ATV accident statistics 2024

Author pictureAuthor picture
Author picture
Author picture
Edited by:
a broken atv at the side of a forest path

During the pandemic, off-highway vehicles (OHVs), specifically all-terrain vehicles (ATVs), rose in popularity. More consumers than ever became attracted to the unique off-roading capabilities of ATVs, using the vehicles for both recreational and professional purposes. However, that same year, emergency rooms saw significantly higher numbers of patients for injuries caused by ATV accidents. Before purchasing an ATV, consumers should be aware of the risks associated with such vehicles.

Key insights

ATVs caused 96% of all OHV-related injuries from 2016 to 2020.

Jump to insight

OHVs cause more than 700 deaths and 100,000 injuries in the U.S. each year.

Jump to insight

People ages 16 to 34 make up the biggest proportion of OHV-related injuries, while people ages 55 and older make up the biggest proportion of OHV-related deaths.

Jump to insight

About 300 children younger than 16 died from OHV accidents from 2016 to 2018.

Jump to insight

In 2020, 78% of those injured in OHV accidents were treated then released by emergency rooms, and 19% were hospitalized.

Jump to insight

General ATV accident statistics

The U.S. Consumer Product Safety Commission (CPSC) tracks injuries and deaths caused by off-highway vehicles (OHVs), which includes ATVs, dirt bikes, utility terrain vehicles (UTVs), side-by-side vehicles and snowmobiles.

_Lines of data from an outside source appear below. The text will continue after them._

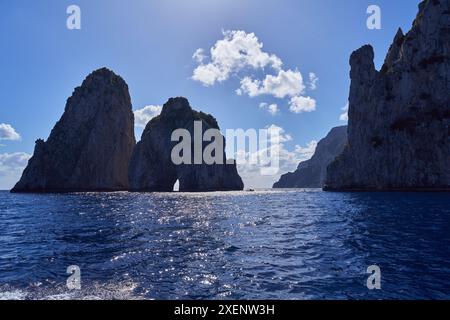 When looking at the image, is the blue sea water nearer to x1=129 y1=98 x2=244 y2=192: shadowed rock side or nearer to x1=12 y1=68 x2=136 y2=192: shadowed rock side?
x1=129 y1=98 x2=244 y2=192: shadowed rock side

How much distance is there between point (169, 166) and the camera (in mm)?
167250

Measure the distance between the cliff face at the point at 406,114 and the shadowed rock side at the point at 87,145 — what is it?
114895 millimetres

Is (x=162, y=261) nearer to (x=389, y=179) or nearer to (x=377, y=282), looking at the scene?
(x=377, y=282)

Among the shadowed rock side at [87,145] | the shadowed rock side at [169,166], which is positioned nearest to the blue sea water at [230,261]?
the shadowed rock side at [169,166]

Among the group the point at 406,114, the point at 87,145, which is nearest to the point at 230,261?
the point at 406,114

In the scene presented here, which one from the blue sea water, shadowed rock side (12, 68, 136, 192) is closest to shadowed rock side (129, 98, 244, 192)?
shadowed rock side (12, 68, 136, 192)

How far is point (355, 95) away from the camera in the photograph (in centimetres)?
12262

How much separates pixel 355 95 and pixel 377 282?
123 m

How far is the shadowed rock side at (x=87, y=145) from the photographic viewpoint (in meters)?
144

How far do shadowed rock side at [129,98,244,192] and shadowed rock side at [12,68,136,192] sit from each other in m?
12.6

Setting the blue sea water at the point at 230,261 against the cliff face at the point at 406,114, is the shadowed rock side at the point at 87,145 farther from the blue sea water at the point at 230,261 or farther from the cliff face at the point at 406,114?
the blue sea water at the point at 230,261

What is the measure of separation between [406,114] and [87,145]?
141400mm

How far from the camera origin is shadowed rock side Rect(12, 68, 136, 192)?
144 meters

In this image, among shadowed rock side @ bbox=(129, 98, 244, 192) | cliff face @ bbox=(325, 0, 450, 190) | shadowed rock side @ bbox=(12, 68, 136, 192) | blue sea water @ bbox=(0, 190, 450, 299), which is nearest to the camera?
blue sea water @ bbox=(0, 190, 450, 299) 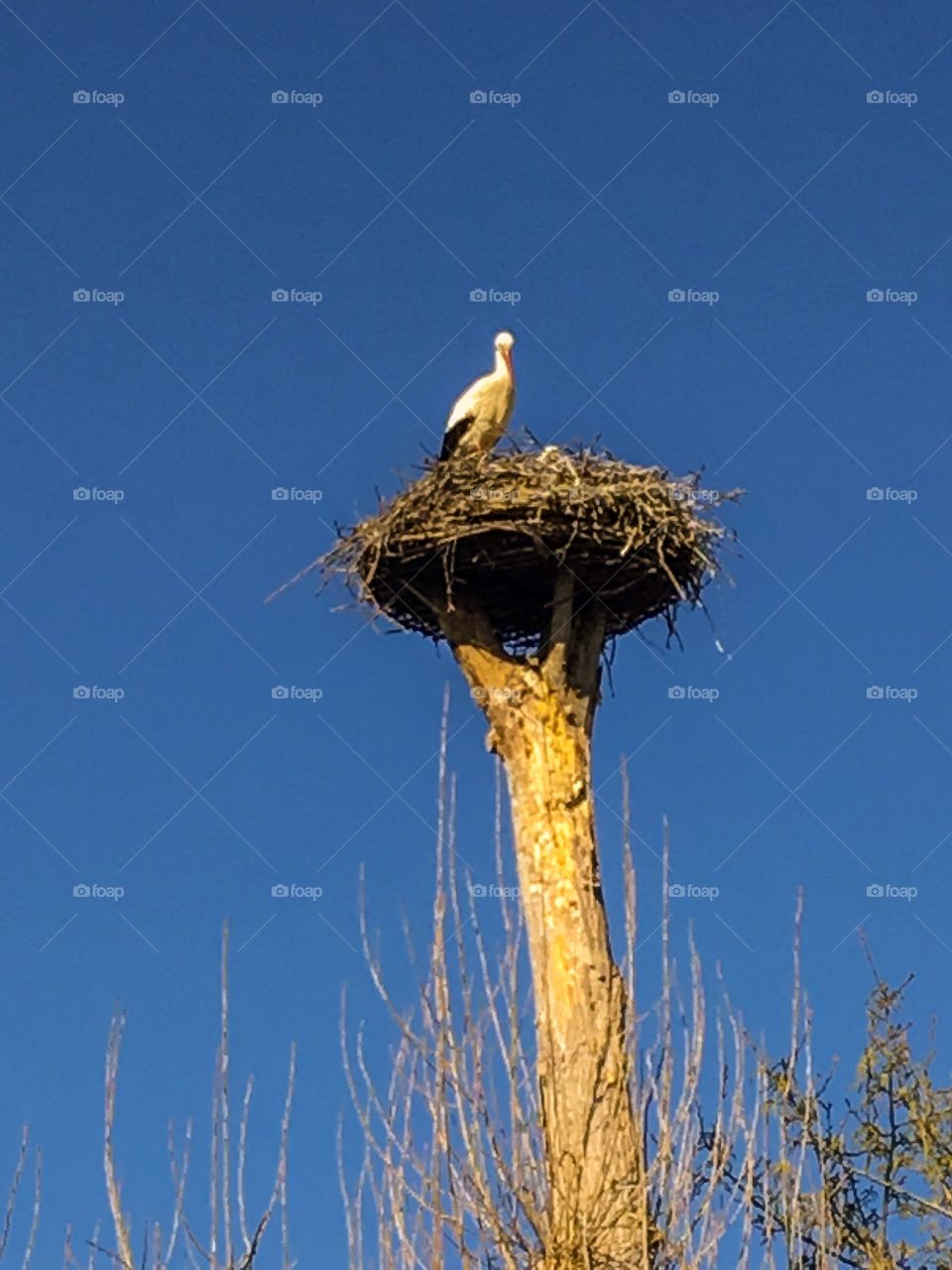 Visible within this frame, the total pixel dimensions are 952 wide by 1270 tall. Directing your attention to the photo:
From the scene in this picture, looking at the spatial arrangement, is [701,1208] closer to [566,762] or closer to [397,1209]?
[397,1209]

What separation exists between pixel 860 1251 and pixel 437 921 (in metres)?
4.05

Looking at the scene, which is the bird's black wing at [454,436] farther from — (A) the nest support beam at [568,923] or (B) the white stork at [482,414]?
(A) the nest support beam at [568,923]

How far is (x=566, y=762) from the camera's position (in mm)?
8969

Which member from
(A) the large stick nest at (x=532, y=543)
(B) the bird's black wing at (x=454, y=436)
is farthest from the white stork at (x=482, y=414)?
(A) the large stick nest at (x=532, y=543)

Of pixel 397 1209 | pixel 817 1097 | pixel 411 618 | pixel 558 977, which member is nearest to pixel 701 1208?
pixel 397 1209

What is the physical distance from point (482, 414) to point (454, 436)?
32 cm

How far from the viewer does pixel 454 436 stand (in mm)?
10922

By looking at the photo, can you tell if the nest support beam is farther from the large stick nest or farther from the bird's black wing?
the bird's black wing

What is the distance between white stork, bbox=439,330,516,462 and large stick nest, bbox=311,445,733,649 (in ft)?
3.70

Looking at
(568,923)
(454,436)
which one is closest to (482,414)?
(454,436)

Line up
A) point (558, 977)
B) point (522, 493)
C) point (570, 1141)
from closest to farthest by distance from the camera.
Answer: point (570, 1141) < point (558, 977) < point (522, 493)

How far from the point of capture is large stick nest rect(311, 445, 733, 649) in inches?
361

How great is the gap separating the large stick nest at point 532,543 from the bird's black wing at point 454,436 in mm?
899

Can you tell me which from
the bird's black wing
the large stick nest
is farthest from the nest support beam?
the bird's black wing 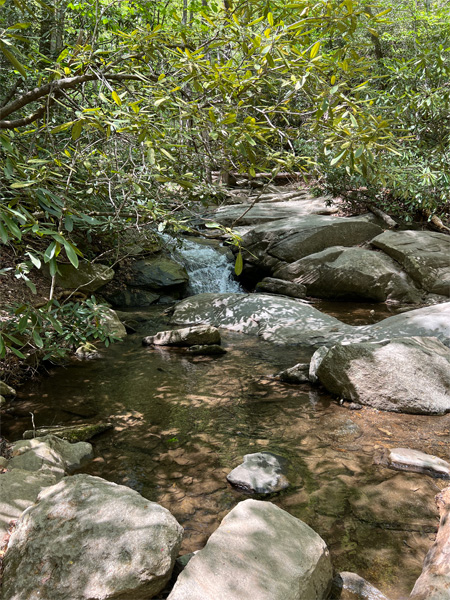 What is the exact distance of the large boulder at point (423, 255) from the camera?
9.84m

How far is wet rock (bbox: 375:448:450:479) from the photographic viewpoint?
335 centimetres

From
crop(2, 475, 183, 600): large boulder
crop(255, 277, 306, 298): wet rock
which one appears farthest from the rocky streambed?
crop(255, 277, 306, 298): wet rock

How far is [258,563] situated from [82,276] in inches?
262

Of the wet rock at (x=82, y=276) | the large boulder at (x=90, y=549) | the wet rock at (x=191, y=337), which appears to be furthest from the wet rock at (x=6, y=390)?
the large boulder at (x=90, y=549)

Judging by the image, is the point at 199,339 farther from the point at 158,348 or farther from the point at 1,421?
the point at 1,421

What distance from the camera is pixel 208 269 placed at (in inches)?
469

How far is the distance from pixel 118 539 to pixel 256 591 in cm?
71

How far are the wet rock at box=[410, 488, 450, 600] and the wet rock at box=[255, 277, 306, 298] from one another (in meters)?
7.78

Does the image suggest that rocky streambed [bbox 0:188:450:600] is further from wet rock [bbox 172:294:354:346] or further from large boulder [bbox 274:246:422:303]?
large boulder [bbox 274:246:422:303]

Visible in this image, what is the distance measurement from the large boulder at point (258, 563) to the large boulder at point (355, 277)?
26.5 feet

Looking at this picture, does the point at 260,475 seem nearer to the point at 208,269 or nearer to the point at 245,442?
the point at 245,442

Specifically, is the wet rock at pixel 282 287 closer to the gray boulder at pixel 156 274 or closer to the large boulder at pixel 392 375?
the gray boulder at pixel 156 274

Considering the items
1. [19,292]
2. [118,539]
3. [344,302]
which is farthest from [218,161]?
[344,302]

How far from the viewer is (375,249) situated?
437 inches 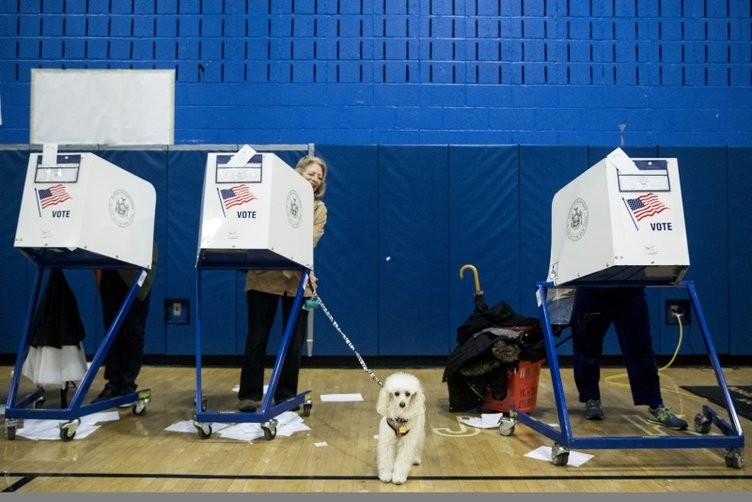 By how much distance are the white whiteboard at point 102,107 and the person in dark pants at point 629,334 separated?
4.16 m

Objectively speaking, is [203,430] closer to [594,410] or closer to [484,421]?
[484,421]

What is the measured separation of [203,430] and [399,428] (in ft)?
3.54

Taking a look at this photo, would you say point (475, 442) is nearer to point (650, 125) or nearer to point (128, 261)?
point (128, 261)

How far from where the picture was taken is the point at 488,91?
563 centimetres

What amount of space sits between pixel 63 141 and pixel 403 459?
190 inches

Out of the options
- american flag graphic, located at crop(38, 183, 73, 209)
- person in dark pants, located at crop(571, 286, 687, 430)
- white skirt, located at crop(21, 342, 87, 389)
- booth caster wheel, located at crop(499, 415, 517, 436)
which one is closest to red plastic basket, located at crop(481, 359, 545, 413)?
person in dark pants, located at crop(571, 286, 687, 430)

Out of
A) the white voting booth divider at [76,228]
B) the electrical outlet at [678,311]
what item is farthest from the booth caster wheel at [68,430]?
the electrical outlet at [678,311]

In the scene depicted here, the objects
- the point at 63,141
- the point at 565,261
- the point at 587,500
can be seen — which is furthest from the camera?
the point at 63,141

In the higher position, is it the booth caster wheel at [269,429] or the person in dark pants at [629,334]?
the person in dark pants at [629,334]

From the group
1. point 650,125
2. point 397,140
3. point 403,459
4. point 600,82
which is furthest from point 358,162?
point 403,459

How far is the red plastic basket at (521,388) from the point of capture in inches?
128

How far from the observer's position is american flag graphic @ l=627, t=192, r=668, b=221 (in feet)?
7.72

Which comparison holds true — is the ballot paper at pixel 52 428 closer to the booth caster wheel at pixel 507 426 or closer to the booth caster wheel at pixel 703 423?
the booth caster wheel at pixel 507 426

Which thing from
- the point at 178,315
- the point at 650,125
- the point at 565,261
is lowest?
the point at 178,315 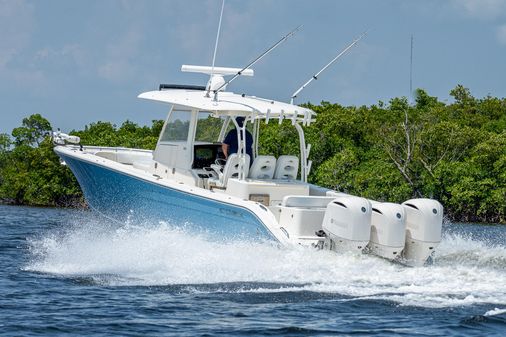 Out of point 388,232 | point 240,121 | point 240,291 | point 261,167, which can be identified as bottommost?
point 240,291

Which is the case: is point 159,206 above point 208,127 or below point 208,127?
below

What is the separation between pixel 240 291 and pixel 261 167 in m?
4.17

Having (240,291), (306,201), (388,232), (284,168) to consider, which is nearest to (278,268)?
(240,291)

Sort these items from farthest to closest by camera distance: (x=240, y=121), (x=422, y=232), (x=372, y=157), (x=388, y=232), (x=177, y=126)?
(x=372, y=157) < (x=177, y=126) < (x=240, y=121) < (x=422, y=232) < (x=388, y=232)

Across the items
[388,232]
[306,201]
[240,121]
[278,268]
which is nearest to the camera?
[278,268]

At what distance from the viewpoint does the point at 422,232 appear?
14.1 metres

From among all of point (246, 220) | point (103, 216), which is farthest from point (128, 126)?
point (246, 220)

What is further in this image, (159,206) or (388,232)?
(159,206)

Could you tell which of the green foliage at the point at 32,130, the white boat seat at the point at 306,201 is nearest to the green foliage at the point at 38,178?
the green foliage at the point at 32,130

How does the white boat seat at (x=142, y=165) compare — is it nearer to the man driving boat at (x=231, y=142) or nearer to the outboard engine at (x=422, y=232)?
the man driving boat at (x=231, y=142)

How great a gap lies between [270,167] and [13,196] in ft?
123

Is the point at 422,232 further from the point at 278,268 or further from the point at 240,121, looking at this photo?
the point at 240,121

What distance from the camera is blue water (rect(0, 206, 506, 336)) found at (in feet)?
35.7

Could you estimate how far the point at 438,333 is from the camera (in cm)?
1048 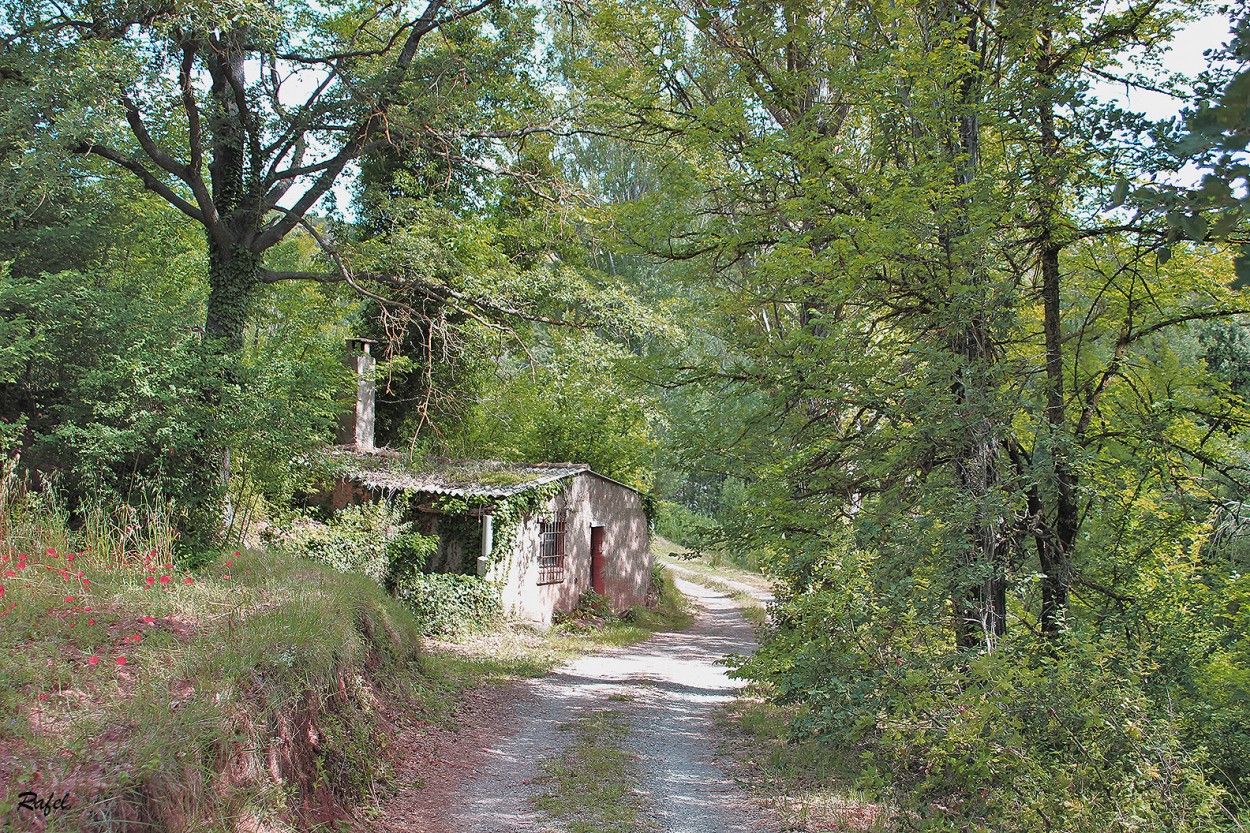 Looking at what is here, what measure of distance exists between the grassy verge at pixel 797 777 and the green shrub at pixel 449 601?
5418 mm

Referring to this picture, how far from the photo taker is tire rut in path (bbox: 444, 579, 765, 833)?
5.99 m

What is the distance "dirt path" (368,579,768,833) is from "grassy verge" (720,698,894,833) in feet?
0.77

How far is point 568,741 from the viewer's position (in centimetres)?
812

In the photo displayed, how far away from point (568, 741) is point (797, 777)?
2.41 metres

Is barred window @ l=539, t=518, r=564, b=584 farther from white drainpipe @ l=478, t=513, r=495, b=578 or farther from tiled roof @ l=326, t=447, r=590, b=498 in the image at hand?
white drainpipe @ l=478, t=513, r=495, b=578

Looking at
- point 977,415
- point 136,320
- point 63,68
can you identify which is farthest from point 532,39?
point 977,415

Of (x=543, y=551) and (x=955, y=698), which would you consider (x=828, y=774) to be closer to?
(x=955, y=698)

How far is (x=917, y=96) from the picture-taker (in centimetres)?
611

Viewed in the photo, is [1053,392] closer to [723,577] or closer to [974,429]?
[974,429]

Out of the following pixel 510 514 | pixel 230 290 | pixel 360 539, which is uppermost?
pixel 230 290

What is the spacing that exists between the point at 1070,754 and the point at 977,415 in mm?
2128

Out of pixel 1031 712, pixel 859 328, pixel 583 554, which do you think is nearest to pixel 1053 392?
pixel 859 328

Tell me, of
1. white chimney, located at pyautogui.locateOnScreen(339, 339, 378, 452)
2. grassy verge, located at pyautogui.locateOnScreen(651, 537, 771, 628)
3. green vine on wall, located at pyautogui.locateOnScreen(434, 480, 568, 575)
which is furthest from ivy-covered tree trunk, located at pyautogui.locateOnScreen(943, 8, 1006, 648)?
grassy verge, located at pyautogui.locateOnScreen(651, 537, 771, 628)

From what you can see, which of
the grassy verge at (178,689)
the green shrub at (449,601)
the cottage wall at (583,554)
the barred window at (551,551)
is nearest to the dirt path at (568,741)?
the grassy verge at (178,689) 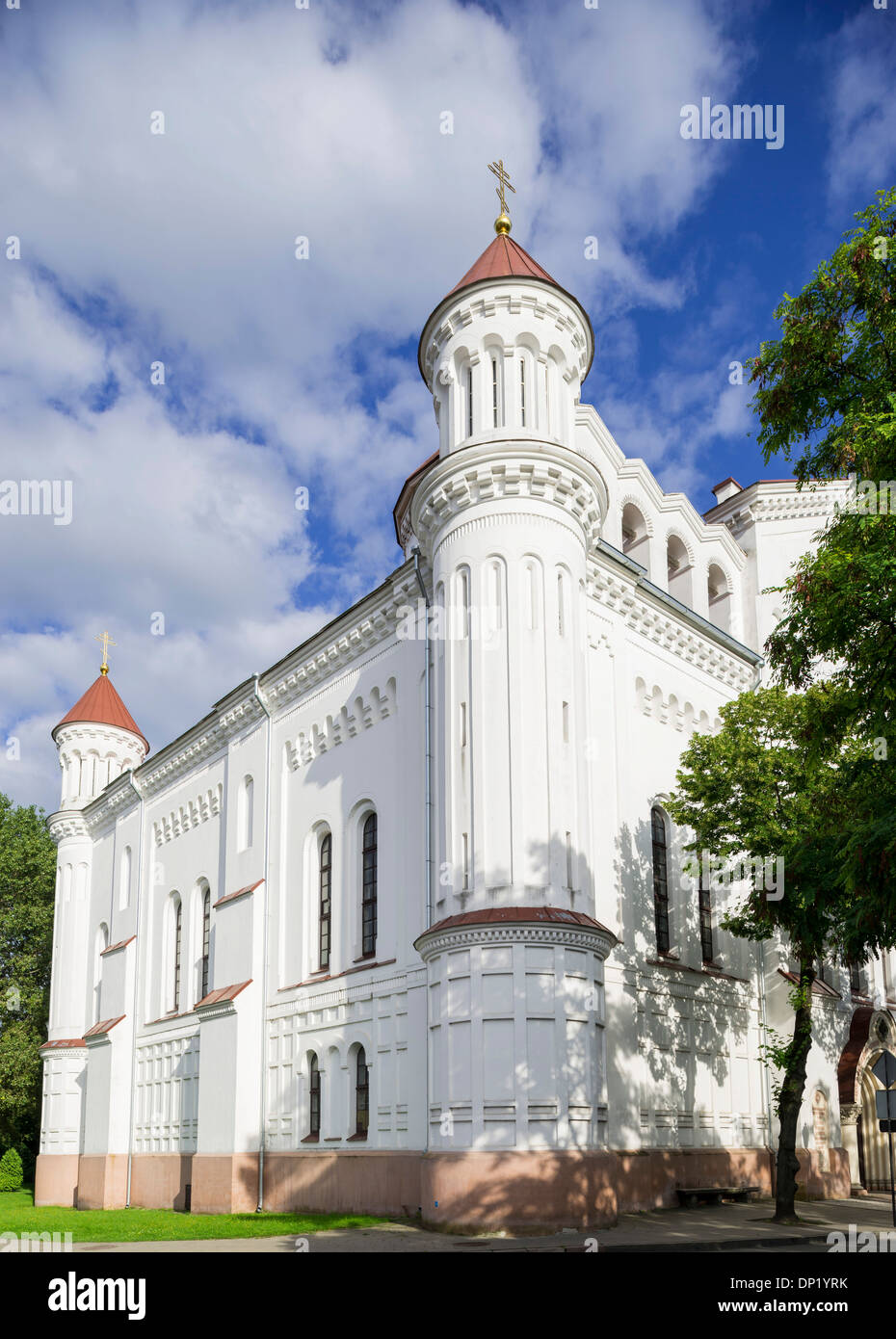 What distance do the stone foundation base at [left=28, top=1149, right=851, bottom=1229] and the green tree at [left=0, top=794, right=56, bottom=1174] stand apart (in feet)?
44.5

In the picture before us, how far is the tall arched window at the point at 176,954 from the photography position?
3500 centimetres

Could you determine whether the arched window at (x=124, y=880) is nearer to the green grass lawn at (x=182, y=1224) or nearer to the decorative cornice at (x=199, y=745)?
the decorative cornice at (x=199, y=745)

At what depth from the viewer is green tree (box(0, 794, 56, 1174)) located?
1855 inches

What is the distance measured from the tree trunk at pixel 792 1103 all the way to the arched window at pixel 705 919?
5.10 meters

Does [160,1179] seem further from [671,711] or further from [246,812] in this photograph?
[671,711]

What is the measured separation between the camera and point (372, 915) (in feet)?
85.6

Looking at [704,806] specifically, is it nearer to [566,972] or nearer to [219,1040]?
[566,972]

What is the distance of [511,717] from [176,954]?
18618 mm

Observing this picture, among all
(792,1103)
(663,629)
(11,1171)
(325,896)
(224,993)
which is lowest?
(11,1171)

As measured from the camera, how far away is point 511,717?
70.4 feet

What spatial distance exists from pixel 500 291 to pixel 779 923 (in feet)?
43.7

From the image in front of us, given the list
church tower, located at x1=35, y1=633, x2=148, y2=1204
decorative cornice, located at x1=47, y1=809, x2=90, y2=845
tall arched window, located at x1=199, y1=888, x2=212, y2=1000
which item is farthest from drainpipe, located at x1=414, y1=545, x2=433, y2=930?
decorative cornice, located at x1=47, y1=809, x2=90, y2=845

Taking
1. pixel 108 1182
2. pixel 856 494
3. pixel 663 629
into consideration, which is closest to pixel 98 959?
pixel 108 1182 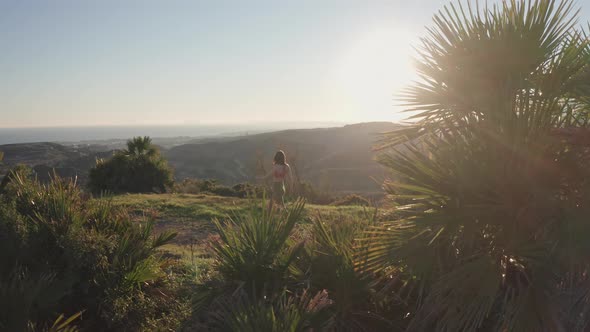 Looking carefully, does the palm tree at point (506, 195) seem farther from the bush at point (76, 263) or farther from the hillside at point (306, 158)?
the hillside at point (306, 158)

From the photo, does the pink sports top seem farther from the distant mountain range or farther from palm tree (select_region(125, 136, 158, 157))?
the distant mountain range

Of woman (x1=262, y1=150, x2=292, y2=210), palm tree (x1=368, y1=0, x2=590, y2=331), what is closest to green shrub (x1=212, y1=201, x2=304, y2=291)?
palm tree (x1=368, y1=0, x2=590, y2=331)

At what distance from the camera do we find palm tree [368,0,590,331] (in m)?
2.54

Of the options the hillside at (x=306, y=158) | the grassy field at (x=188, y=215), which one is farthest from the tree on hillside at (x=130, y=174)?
the hillside at (x=306, y=158)

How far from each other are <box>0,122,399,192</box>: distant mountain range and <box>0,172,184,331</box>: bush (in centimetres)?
3496

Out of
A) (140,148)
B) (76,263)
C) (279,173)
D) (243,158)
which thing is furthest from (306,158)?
(76,263)

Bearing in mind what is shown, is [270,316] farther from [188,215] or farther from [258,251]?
[188,215]

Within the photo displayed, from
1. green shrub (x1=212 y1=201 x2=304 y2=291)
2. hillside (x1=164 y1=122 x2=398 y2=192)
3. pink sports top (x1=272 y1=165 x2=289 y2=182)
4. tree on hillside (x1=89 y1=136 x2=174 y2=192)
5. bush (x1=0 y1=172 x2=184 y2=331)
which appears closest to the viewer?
green shrub (x1=212 y1=201 x2=304 y2=291)

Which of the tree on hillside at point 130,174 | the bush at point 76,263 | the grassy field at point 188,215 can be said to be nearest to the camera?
the bush at point 76,263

The CPSC found that ATVs were implicated in almost all (96%) injuries related to OHV accidents from 2016 to 2020.

How many are injured in ATV accidents yearly?

On average, OHVs cause over 700 deaths and 100,000 emergency room visits in the U.S. each year. From 2016 to 2018, 2,211 people died from OHV accidents. In 2020, these accidents caused 112,300 injuries, according to the CPSC.

The impact of these deaths is generally concentrated, with 10 states accounting for 42% of all OHV-related deaths from 2016 to 2018.

What causes ATV accidents?

The most likely cause of ATV accidents is inexperience — a new ATV rider is thirteen times more likely than an experienced rider to crash during their first month of use, according to the riding safety course Offroad-Ed.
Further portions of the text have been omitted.